EOG Resources (EOG) held a conference call on November 2, 2010, to discuss earnings for the third quarter of 2010, and discussed the company’s activities in the Eagle Ford Shale in Texas.
“The reservoir can be broken into two zones, East and West. In the East, we have two targets, the Upper and Lower Eagle Ford. These zones are relatively thick and high-quality. A typical well here is the Harper #10H well, which IP-ed at 1,070 barrels of oil per day and 980 Mcf per day. In this same area, the Cusack Clampit wells, which were highlighted in the press release, IP-ed at rates ranging from 860 to 1,800 barrels of oil per day, with 1 to 1.8 million cubic feet a day of rich gas each. We have 100% working interest in all these Eastern wells. In this Eastern area, we typically drilling 4,000-foot laterals and expect the average reserves per well of 460 Mboe net after royalty.”
“The typical decline curve for both areas indicate we'll produce 40% of our wells' reserves in the first five years. We originally thought we'd need roughly 2,800 wells to capture the 0.9 billion barrels of oil equivalent. But now it will take us a lot fewer wells to monetize this asset. Overall, we believe we can achieve a $12 to $15 per Boe direct finding costs across the entire play. We plan to run 14 rigs, drill 231 net Eagle Ford wells in 2011.”
“The direct rates of returns that we expect to achieve from both East and Western wings of our sweet spot will return to the same return goals as we gave at our April analysts conference. As we exit the science stage and enter the program drilling phase in 2011 and 2012, we expect to achieve the 0.66 and 95% direct after-tax rates return. In order to decrease our average completed well costs back to the original range by the end of next year on a normalized lateral length places, we're implementing drilling enhancements and completion design modifications as well as contractual and self-sourced frac solutions.”
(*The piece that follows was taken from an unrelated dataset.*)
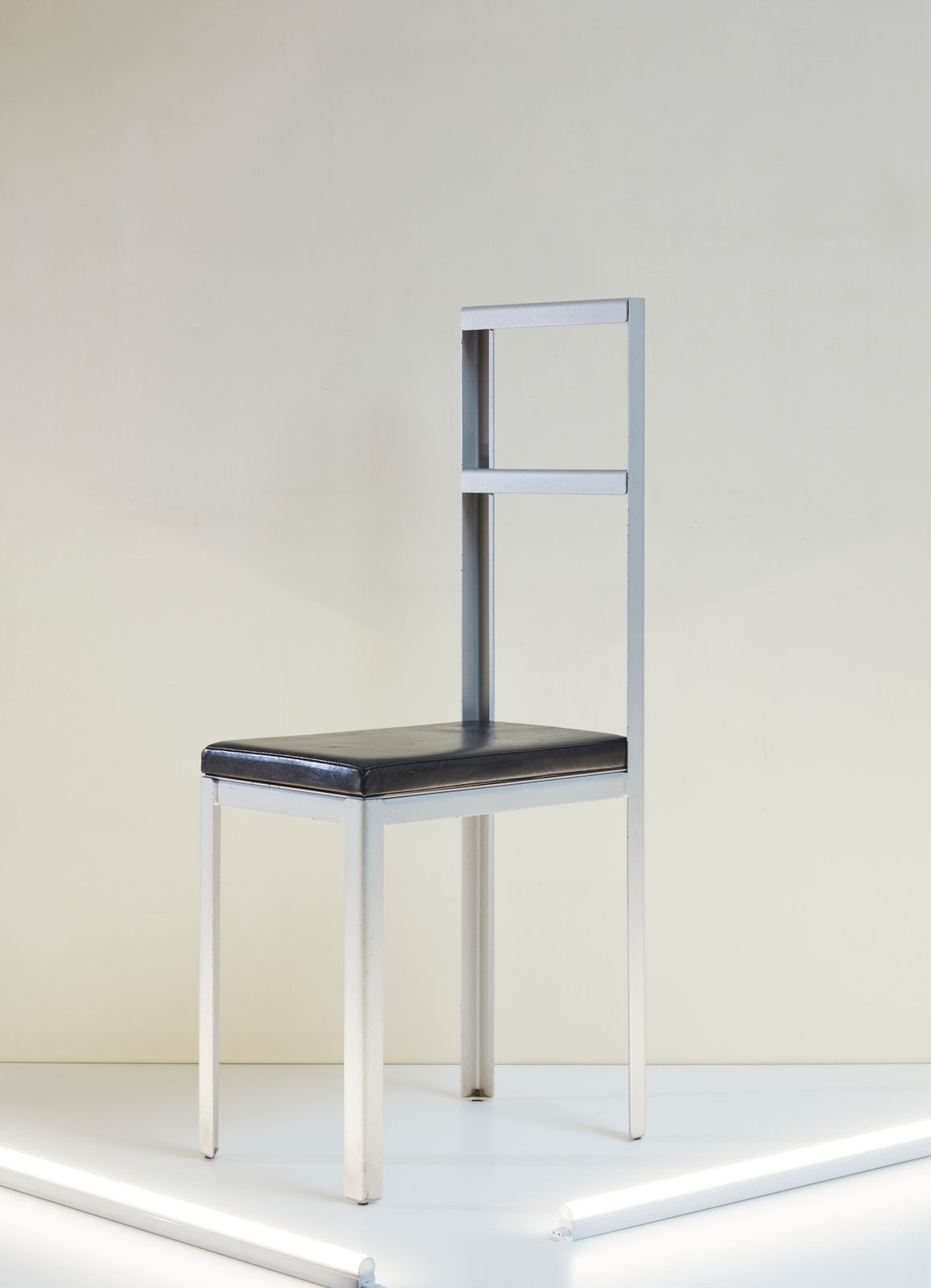 Robert Wilson, Chaise Hamletmachine, Ca. 1986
‘Well costs in the Eagle Ford Shale are currently higher than what we forecasted in our April analyst conference. And we're working to get those down. I mean the primary reason is the fracturing costs there are in rough terms, maybe as much as $1 million higher than what we had estimated previously. And we hope by mid-2011 with some of this outsourcing that we're talking about, we can get those costs more in line. But the costs have gone up, but also the reserves have gone up because we're drilling longer laterals. So in terms of the returns, this is likely to be an awesome project on the terms, unless oil prices collapse.”